### Aim of the exercise
Would you please output, word for word, the span of the listing below that opens on the line containing "Dazzleberry Stonecrop (Sedum" and closes on the line containing "Himmel Reflexion auf"? Include both ends and nothing more.

### Source data
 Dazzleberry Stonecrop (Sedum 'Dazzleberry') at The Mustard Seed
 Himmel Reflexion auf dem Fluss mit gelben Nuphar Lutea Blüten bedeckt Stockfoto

--

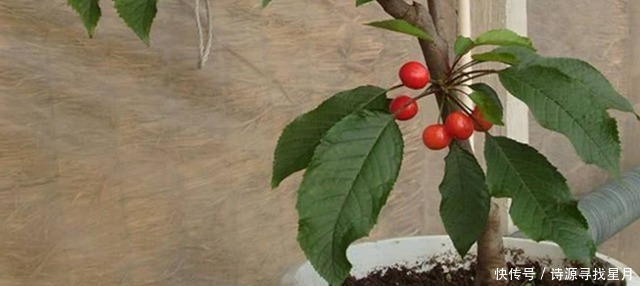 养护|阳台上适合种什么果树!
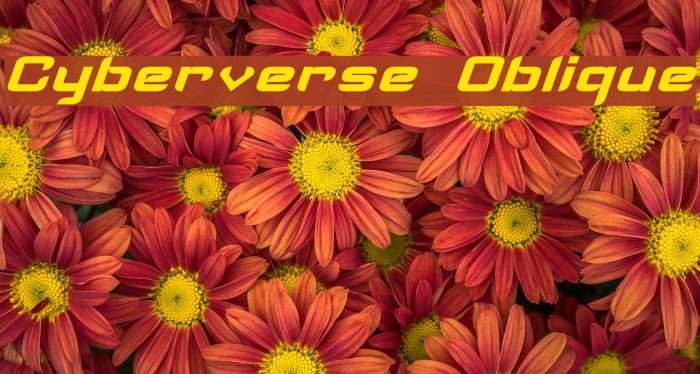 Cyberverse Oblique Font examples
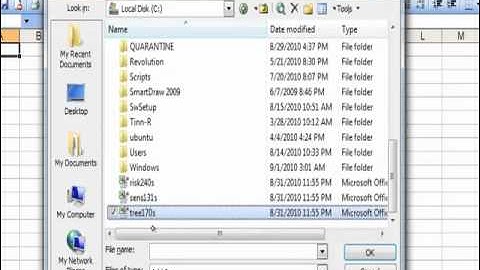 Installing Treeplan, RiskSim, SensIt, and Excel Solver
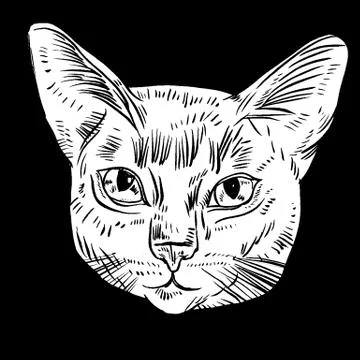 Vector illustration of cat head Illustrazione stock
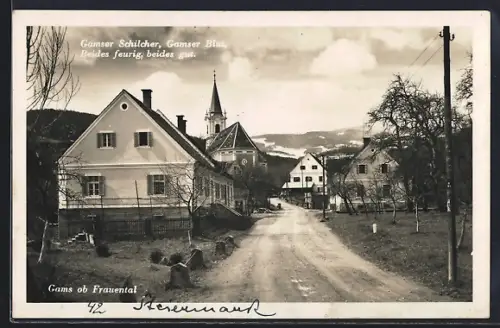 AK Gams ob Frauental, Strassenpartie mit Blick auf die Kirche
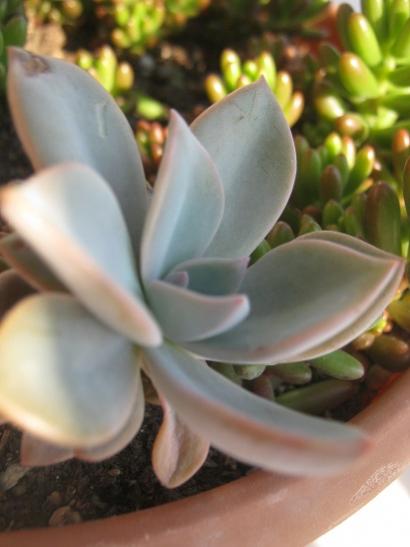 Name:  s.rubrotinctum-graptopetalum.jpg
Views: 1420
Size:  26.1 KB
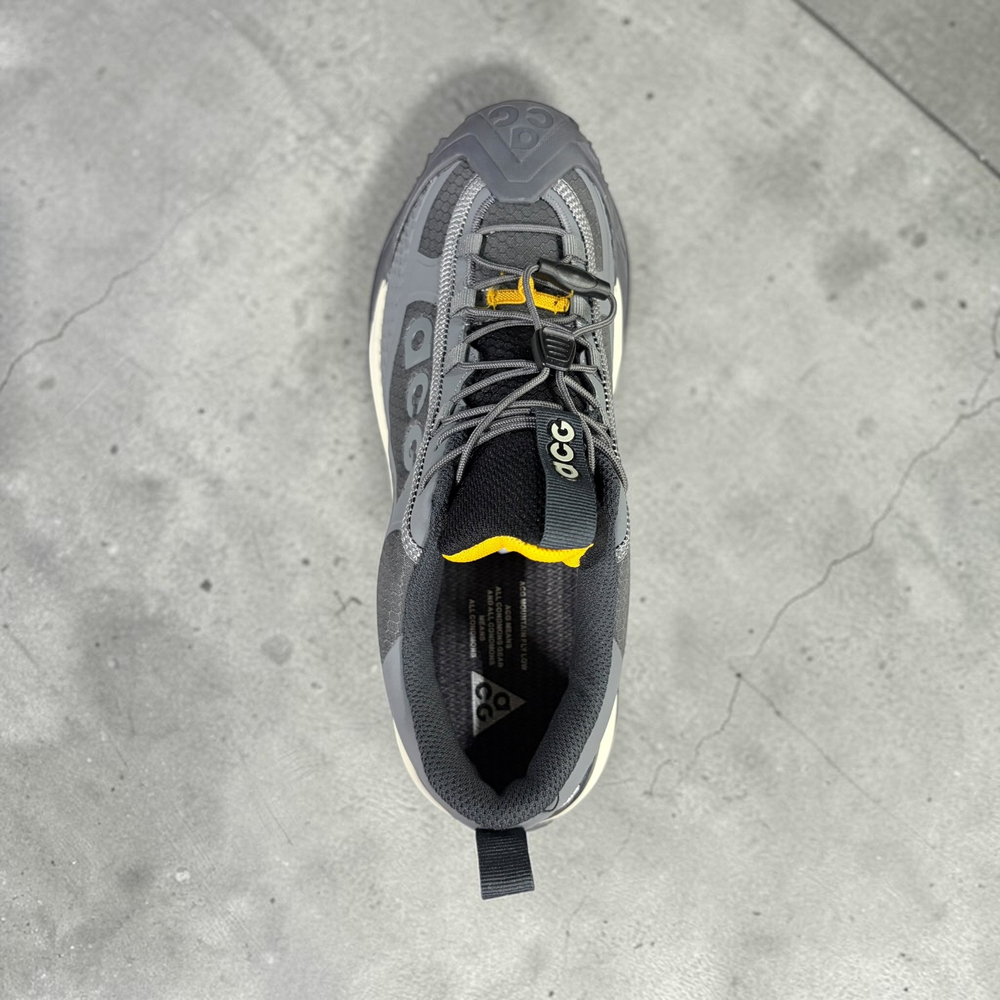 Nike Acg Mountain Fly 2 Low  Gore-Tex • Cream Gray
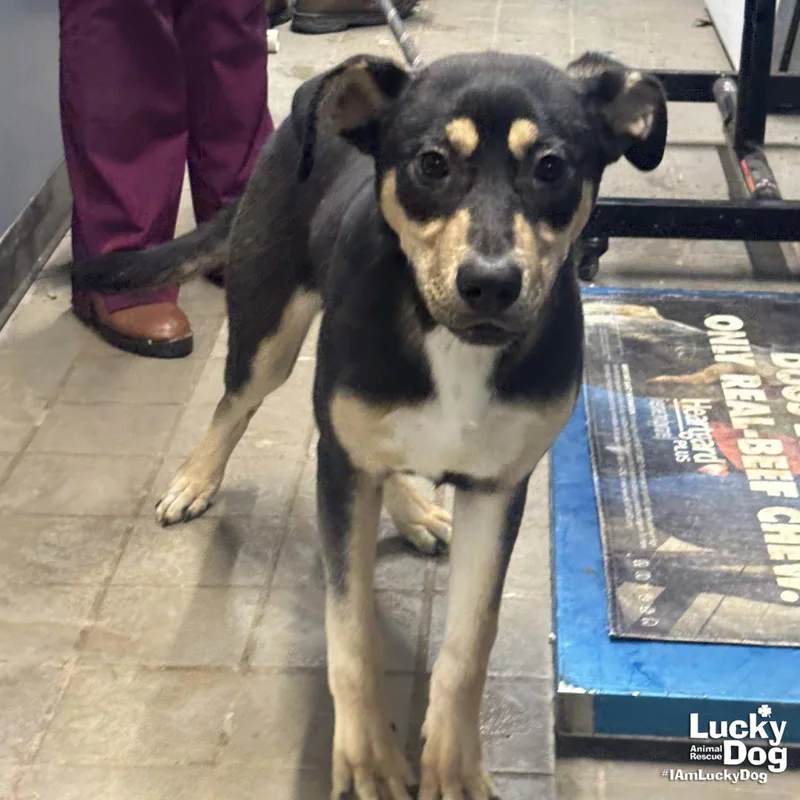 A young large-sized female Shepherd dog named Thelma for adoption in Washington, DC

...

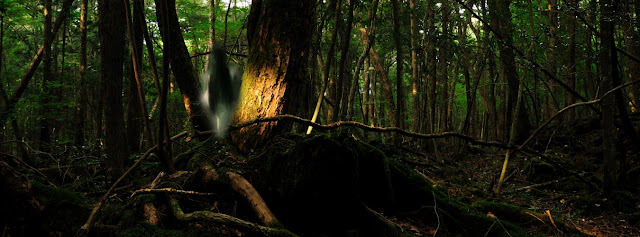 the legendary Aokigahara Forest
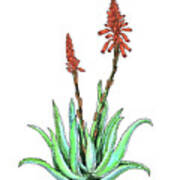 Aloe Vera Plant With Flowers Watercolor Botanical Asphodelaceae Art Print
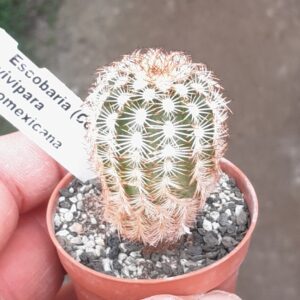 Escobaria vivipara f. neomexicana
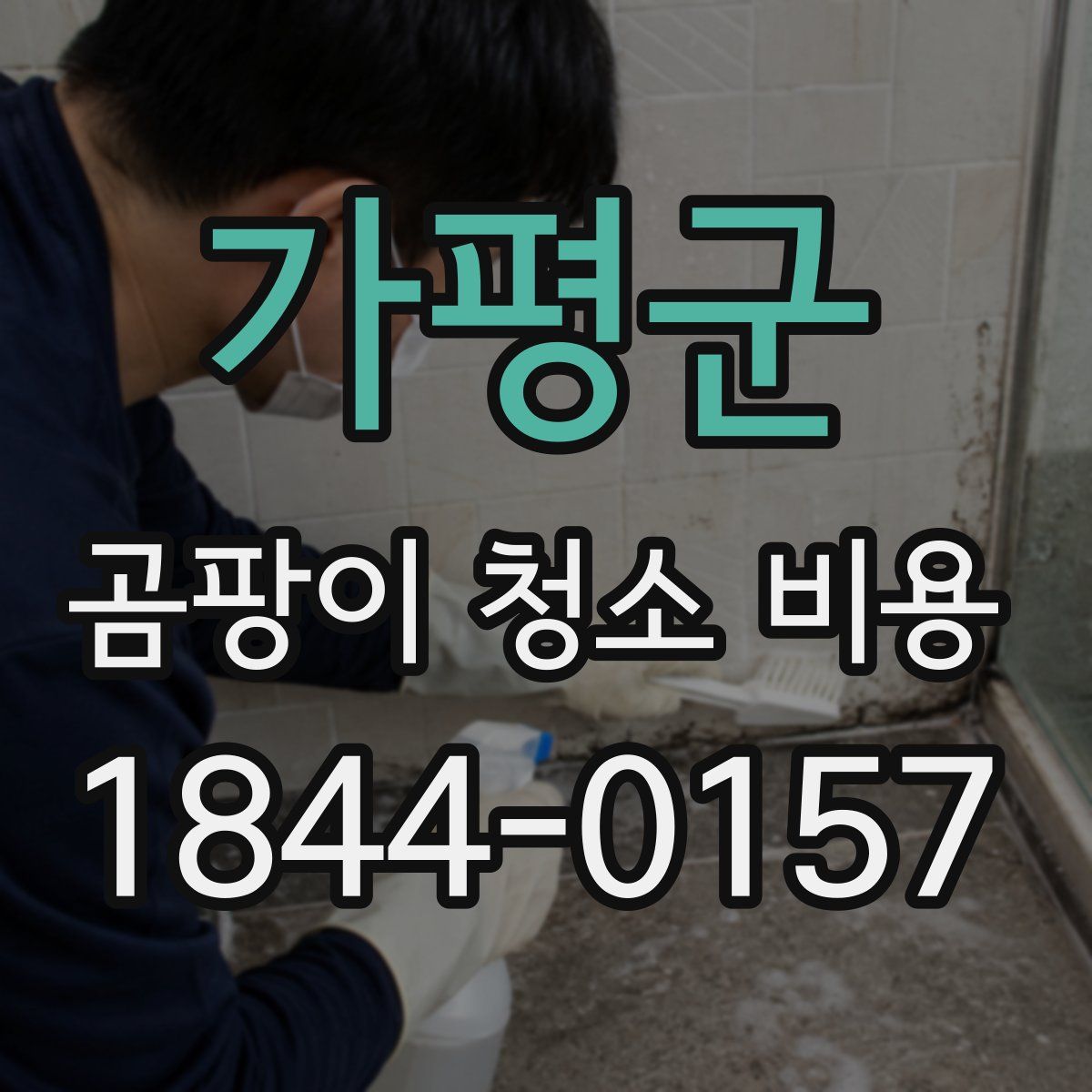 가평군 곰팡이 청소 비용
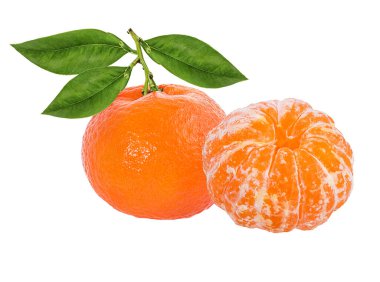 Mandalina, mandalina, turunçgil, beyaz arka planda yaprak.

### Answer below
 Dazzleberry Stonecrop (Sedum 'Dazzleberry') at The Mustard Seed
 Himmel Reflexion auf dem Fluss mit gelben Nuphar Lutea Blüten bedeckt Stockfoto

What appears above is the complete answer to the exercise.